RoboCasa365 is a large-scale simulation benchmark for training and evaluating generalist robots in household mobile manipulation tasks. It introduces 365 diverse tasks across 2,500 kitchen environments and provides over 2,200 hours of demonstration data, achieving a new SOTA for scale and diversity in robot simulation frameworks.
TL;DR
RoboCasa365 is a massive leap in robotic simulation, offering a benchmark of 365 everyday kitchen tasks and 2,500 unique environments. By providing over 2,000 hours of demonstration data, it addresses the "data hunger" of robotic foundation models. The results show that pretraining in this diverse virtual world makes real-world robots significantly more efficient and capable, boosting real-world success rates from 61.8% to 79.8%.
Examining the "Generalist" Bottleneck
To build a "Generalist Robot," we need robots that can handle the messiness of a real kitchen—opening a fridge, making coffee, and clearing a table. However, gathering 10,000 hours of real-world human demonstrations is prohibitively expensive. Simulation is the obvious answer, but until now, most simulators were "toy-like," focusing on single tables or a handful of objects.
The authors identify three primary gaps in current research:
- Task Breadth: Most benchmarks focus on atomic skills (picking a ball) rather than composite human activities (making a sandwich).
- Visual Diversity: Models trained in one virtual kitchen fail when the floor color or cabinet handle changes.
- Reproducibility: Real-world benchmarks are noisy and hard to compare across different labs.

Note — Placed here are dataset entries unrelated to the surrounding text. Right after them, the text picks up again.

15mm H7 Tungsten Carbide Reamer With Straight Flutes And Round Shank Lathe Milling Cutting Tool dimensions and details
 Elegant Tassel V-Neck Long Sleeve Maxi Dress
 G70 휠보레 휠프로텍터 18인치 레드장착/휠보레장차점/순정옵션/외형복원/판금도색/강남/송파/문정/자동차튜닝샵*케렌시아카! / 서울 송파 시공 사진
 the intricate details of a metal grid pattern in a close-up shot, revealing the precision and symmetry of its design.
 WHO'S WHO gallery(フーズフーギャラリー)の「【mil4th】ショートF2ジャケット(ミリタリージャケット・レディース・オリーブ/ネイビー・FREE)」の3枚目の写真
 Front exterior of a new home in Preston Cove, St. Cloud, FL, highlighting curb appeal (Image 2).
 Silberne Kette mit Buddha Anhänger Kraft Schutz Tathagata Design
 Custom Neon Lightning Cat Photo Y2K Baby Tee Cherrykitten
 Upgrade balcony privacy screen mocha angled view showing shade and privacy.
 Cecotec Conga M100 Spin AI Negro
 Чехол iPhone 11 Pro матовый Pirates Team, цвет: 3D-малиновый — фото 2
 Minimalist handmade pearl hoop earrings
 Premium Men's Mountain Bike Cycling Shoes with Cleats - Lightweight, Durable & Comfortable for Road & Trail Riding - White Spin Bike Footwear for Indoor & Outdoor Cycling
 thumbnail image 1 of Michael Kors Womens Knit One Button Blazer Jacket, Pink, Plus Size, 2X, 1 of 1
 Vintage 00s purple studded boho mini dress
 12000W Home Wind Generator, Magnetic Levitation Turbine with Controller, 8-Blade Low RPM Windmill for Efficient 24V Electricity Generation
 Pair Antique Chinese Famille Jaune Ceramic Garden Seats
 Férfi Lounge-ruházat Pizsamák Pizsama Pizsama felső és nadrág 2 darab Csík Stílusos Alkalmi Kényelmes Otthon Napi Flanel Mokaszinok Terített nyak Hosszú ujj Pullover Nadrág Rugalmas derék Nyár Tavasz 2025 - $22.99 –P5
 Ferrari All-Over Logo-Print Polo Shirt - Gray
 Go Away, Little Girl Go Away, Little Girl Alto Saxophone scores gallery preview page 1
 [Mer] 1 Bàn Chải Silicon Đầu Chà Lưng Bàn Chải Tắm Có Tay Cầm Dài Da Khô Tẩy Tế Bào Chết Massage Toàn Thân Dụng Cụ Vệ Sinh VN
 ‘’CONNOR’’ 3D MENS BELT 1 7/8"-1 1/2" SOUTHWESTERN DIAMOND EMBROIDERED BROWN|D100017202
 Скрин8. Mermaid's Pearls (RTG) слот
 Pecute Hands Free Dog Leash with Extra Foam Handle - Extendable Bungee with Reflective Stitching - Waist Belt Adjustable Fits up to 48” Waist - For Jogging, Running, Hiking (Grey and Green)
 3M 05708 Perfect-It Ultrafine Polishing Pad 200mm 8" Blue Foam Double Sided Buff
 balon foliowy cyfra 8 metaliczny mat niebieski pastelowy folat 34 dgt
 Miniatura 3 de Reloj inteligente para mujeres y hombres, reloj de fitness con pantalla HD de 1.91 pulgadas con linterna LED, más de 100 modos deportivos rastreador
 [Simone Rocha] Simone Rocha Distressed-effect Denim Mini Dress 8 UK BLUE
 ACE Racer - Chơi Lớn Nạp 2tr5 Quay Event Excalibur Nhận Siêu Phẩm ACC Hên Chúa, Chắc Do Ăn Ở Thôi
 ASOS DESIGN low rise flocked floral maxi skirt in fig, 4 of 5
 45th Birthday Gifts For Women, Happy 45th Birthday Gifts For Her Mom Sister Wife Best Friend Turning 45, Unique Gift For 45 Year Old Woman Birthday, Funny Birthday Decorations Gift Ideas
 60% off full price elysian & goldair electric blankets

Methodology: Building a Virtual Universe
RoboCasa365 scales the original RoboCasa framework through three pillars:
1. Asset & Scene Scaling
The researchers built "Digital Cousins" of 50 real-world homes sourced from Zillow, resulting in 2,500 unique kitchen configurations. They expanded the interactive furniture library to include 456 articulated instances, such as toasters, blenders, and dishwashers.
2. LLM-Guided Task Blueprints
Instead of manually coding 365 tasks, the authors used Large Language Models (LLMs) to generate "Task Blueprints." The LLM proposed 60 activities (e.g., "storing leftovers"), and for each, defined the sequence of atomic skills (navigation -> find bowl -> pick -> place in fridge) required to complete them.
3. The Data Engine
The framework provides:
- 612 hours of human teleoperation data.
- 1,615 hours of synthetic data generated via MimicGen, which takes a few human "seeds" and automatically creates thousands of variations.
Figure 1: The RoboCasa365 ecosystem: Tasks, Environments, and Scaling.
Experiments and Insights
The Foundation Model Advantage
The core experiment compared training a policy from scratch versus pretraining on the RoboCasa365 dataset. The findings were striking: Pretraining provided a 3x data efficiency gain. A model pretrained on RoboCasa365 could achieve the same performance with 150 demonstrations as a non-pretrained model could with 500.
Multi-Task Performance (Zero-Shot)
The authors tested SOTA models like GR00T N1.5, π0, and Diffusion Policy. While models generally mastered "Atomic" tasks easily, "Composite-Unseen" tasks (tasks the model never saw during training) remained a significant challenge, showing that while we are moving toward generalists, long-horizon reasoning is still the frontier.
Figure 2: Success rate improvements. Pretraining consistently lifts the baseline across all task types.
The "Catastrophic Forgetting" in Lifelong Learning
One of the most sobering results came from the Lifelong Learning benchmark. As the robot learned new, more complex tasks (Phase 4), its performance on simple tasks learned in Phase 1 plummeted (from 41.5% to 10.6%). This proves that "remembering" old skills while learning new ones remains a major unsolved hurdle in robotics.
Critical Analysis & Conclusion
Takeaway: RoboCasa365 proves that diversity of environment is just as important as quantity of data. Adding more scenes (from 5 to 2,500) significantly improved the robot's ability to handle new kitchens without extra training.
Limitations:
- Physical Fidelity: While visually rich, MuJoCo is still a rigid-body simulator. It doesn't perfectly capture the fluid dynamics of pouring milk or the soft-body physics of sliced bread.
- Domain Gap: Even with "Sim-and-Real" co-training, there is a performance drop when moving to physical hardware, though RoboCasa365 narrows this gap significantly compared to prior work.
RoboCasa365 provides the most rigorous "gym" yet for the next generation of humanoid and mobile robots. By open-sourcing the environments and the 2,000+ hours of data, the authors have essentially given the community a "Base Map" for household intelligence.